Output the records exactly, every one of them.

[Provided data]

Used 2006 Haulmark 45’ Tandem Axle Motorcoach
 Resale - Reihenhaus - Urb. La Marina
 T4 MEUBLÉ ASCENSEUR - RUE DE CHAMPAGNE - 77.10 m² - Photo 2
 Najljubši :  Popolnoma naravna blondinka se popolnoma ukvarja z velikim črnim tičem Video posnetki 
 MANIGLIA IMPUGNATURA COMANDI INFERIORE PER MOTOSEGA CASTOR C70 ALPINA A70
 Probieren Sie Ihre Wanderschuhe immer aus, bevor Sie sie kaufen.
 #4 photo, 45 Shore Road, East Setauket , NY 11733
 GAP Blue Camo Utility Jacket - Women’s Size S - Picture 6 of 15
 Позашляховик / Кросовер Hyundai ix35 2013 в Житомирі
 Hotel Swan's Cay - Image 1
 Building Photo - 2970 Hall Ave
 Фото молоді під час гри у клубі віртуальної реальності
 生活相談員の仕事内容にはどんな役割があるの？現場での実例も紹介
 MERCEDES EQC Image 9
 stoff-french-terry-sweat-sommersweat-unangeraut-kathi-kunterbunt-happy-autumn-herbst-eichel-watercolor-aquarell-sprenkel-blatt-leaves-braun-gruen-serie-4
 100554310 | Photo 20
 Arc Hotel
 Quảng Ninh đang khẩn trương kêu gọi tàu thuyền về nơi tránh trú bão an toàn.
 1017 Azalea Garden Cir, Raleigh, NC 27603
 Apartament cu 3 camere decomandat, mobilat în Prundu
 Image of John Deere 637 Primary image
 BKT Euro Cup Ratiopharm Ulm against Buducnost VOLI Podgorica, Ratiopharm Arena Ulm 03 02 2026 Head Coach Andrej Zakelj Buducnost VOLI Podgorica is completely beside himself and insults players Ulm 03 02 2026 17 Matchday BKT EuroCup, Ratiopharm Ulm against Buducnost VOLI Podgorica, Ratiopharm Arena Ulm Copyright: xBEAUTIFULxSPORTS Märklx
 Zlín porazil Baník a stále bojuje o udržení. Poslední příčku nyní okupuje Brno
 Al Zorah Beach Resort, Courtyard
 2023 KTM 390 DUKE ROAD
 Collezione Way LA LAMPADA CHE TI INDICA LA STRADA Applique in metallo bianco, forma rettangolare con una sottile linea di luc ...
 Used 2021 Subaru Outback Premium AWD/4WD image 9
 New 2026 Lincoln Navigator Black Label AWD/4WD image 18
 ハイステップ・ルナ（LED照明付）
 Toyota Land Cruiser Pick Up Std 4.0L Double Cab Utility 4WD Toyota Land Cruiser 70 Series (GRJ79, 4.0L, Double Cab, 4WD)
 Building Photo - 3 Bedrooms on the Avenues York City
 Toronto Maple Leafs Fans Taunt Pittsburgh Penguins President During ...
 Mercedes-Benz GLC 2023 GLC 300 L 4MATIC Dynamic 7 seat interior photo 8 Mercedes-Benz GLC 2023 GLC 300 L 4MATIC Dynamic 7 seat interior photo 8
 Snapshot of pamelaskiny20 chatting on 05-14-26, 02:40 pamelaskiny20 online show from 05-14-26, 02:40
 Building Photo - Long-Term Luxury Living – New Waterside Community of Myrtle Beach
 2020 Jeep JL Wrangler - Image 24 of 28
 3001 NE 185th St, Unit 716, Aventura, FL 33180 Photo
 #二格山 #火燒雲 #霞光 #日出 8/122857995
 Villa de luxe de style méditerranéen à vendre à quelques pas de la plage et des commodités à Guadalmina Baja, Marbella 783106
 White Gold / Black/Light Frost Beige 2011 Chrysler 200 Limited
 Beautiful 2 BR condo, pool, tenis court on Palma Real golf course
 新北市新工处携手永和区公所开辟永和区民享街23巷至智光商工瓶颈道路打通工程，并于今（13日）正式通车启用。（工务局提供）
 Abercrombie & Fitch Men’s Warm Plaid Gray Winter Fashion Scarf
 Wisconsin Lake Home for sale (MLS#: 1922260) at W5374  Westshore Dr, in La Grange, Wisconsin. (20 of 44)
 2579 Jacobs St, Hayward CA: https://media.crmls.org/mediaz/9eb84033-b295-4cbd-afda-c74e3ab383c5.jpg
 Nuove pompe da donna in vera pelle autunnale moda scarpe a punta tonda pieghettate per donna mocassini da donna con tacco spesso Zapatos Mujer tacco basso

[/Provided data]

▸ Solution to the exercise
Used 2006 Haulmark 45’ Tandem Axle Motorcoach
 Resale - Reihenhaus - Urb. La Marina
 T4 MEUBLÉ ASCENSEUR - RUE DE CHAMPAGNE - 77.10 m² - Photo 2
 Najljubši :  Popolnoma naravna blondinka se popolnoma ukvarja z velikim črnim tičem Video posnetki 
 MANIGLIA IMPUGNATURA COMANDI INFERIORE PER MOTOSEGA CASTOR C70 ALPINA A70
 Probieren Sie Ihre Wanderschuhe immer aus, bevor Sie sie kaufen.
 #4 photo, 45 Shore Road, East Setauket , NY 11733
 GAP Blue Camo Utility Jacket - Women’s Size S - Picture 6 of 15
 Позашляховик / Кросовер Hyundai ix35 2013 в Житомирі
 Hotel Swan's Cay - Image 1
 Building Photo - 2970 Hall Ave
 Фото молоді під час гри у клубі віртуальної реальності
 生活相談員の仕事内容にはどんな役割があるの？現場での実例も紹介
 MERCEDES EQC Image 9
 stoff-french-terry-sweat-sommersweat-unangeraut-kathi-kunterbunt-happy-autumn-herbst-eichel-watercolor-aquarell-sprenkel-blatt-leaves-braun-gruen-serie-4
 100554310 | Photo 20
 Arc Hotel
 Quảng Ninh đang khẩn trương kêu gọi tàu thuyền về nơi tránh trú bão an toàn.
 1017 Azalea Garden Cir, Raleigh, NC 27603
 Apartament cu 3 camere decomandat, mobilat în Prundu
 Image of John Deere 637 Primary image
 BKT Euro Cup Ratiopharm Ulm against Buducnost VOLI Podgorica, Ratiopharm Arena Ulm 03 02 2026 Head Coach Andrej Zakelj Buducnost VOLI Podgorica is completely beside himself and insults players Ulm 03 02 2026 17 Matchday BKT EuroCup, Ratiopharm Ulm against Buducnost VOLI Podgorica, Ratiopharm Arena Ulm Copyright: xBEAUTIFULxSPORTS Märklx
 Zlín porazil Baník a stále bojuje o udržení. Poslední příčku nyní okupuje Brno
 Al Zorah Beach Resort, Courtyard
 2023 KTM 390 DUKE ROAD
 Collezione Way LA LAMPADA CHE TI INDICA LA STRADA Applique in metallo bianco, forma rettangolare con una sottile linea di luc ...
 Used 2021 Subaru Outback Premium AWD/4WD image 9
 New 2026 Lincoln Navigator Black Label AWD/4WD image 18
 ハイステップ・ルナ（LED照明付）
 Toyota Land Cruiser Pick Up Std 4.0L Double Cab Utility 4WD Toyota Land Cruiser 70 Series (GRJ79, 4.0L, Double Cab, 4WD)
 Building Photo - 3 Bedrooms on the Avenues York City
 Toronto Maple Leafs Fans Taunt Pittsburgh Penguins President During ...
 Mercedes-Benz GLC 2023 GLC 300 L 4MATIC Dynamic 7 seat interior photo 8 Mercedes-Benz GLC 2023 GLC 300 L 4MATIC Dynamic 7 seat interior photo 8
 Snapshot of pamelaskiny20 chatting on 05-14-26, 02:40 pamelaskiny20 online show from 05-14-26, 02:40
 Building Photo - Long-Term Luxury Living – New Waterside Community of Myrtle Beach
 2020 Jeep JL Wrangler - Image 24 of 28
 3001 NE 185th St, Unit 716, Aventura, FL 33180 Photo
 #二格山 #火燒雲 #霞光 #日出 8/122857995
 Villa de luxe de style méditerranéen à vendre à quelques pas de la plage et des commodités à Guadalmina Baja, Marbella 783106
 White Gold / Black/Light Frost Beige 2011 Chrysler 200 Limited
 Beautiful 2 BR condo, pool, tenis court on Palma Real golf course
 新北市新工处携手永和区公所开辟永和区民享街23巷至智光商工瓶颈道路打通工程，并于今（13日）正式通车启用。（工务局提供）
 Abercrombie & Fitch Men’s Warm Plaid Gray Winter Fashion Scarf
 Wisconsin Lake Home for sale (MLS#: 1922260) at W5374  Westshore Dr, in La Grange, Wisconsin. (20 of 44)
 2579 Jacobs St, Hayward CA: https://media.crmls.org/mediaz/9eb84033-b295-4cbd-afda-c74e3ab383c5.jpg
 Nuove pompe da donna in vera pelle autunnale moda scarpe a punta tonda pieghettate per donna mocassini da donna con tacco spesso Zapatos Mujer tacco basso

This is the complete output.